In November 2012, Russian President Vladimir Putin gave his approval to include new members on the Presidential Council for Human Rights and the Development of Civil Society. The number of members increased from 40 to 63.
Several standing committees were formed, which were to address specific social problems. Now, only a new governing board for the council needs to be named, council chairman, Mikhail Fedotov, told a press conference in Moscow.
Fedotov and the other members of the Human Rights Council were appointed directly by President Vladimir Putin, prompting critics to accuse the council that it lacked political independence.

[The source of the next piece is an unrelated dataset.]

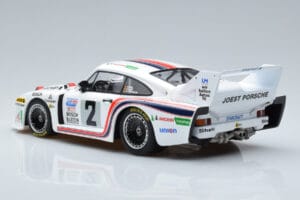 Porsche 935J #2 Liqui Moly R. Stommelen / R. Joest / V. Merl 24 Hours of Daytona Winner 1980 MCG 1:18 MCG18803R Metall — bild 5 av 6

The image of the council suffered greatly last year after twelve members left in protest, stamping the body as a 'figleaf.' Among them, were well-known human rights activists Lyudmila Alexeyeva, chairwoman of the Moscow Helsinki Group, and Yelena Panfilova, a member of the human rights group Memorial and head of Transparency International's Russian bureau.
A question of image
The Human Rights Council apparently now wants to improve its standing by stepping up its activities. The coordinator of the "Citizen, Army, Law" rights group, Sergei Krivenko, told reporters that he would work primarily for the provision of housing for military personnel. Some 57,000 families of military personnel are still on a waiting list for an apartment, he said. So far, every Minister of Defense has promised to solve the problem, but none of them did, Krivenko said.
For the first time, the Human Rights Council heard from well-known publicist Irina Khakamada. The former businesswoman and politician heads the standing committee on public participation and modernization of the economy. She is especially unhappy with the work of the Duma, Russia's lower house of parliament. Khakamada criticized the ruling party "United Russia," saying it had transformed the legislative process in parliament into a series of political public relations events. She said that she saw no serious reform efforts on the part of Russia's political leaders.
Authorities target human rights activists
Another of the Human Rights Council's committees wants to work for legal reform. It is headed by Tamara Morshchakova, former vice president of the Russian Constitutional Court, who announced she would now be focusing on the "wrongful persecution" of human rights experts, who are often targeted by the authorities in Russia.
Moreover, Morshchakova wants to support the creation of administrative courts in Russia, in which disputes between citizens and the state could be aired. She hopes that such courts could better protect the rights of citizens.
As chairman, Fedotov is trying to disprove the common belief that the panel is ineffective because it is under the aegis of President Vladimir Putin. "I cannot say that the President pays no attention to the Council. Our recommendations may not always be taken into account, but our proposals often flow into the final document," he said in Moscow.
Fedotov added that he was confident the new board would prove that the Human Rights Council is effective and independent. The critics will be watching closely.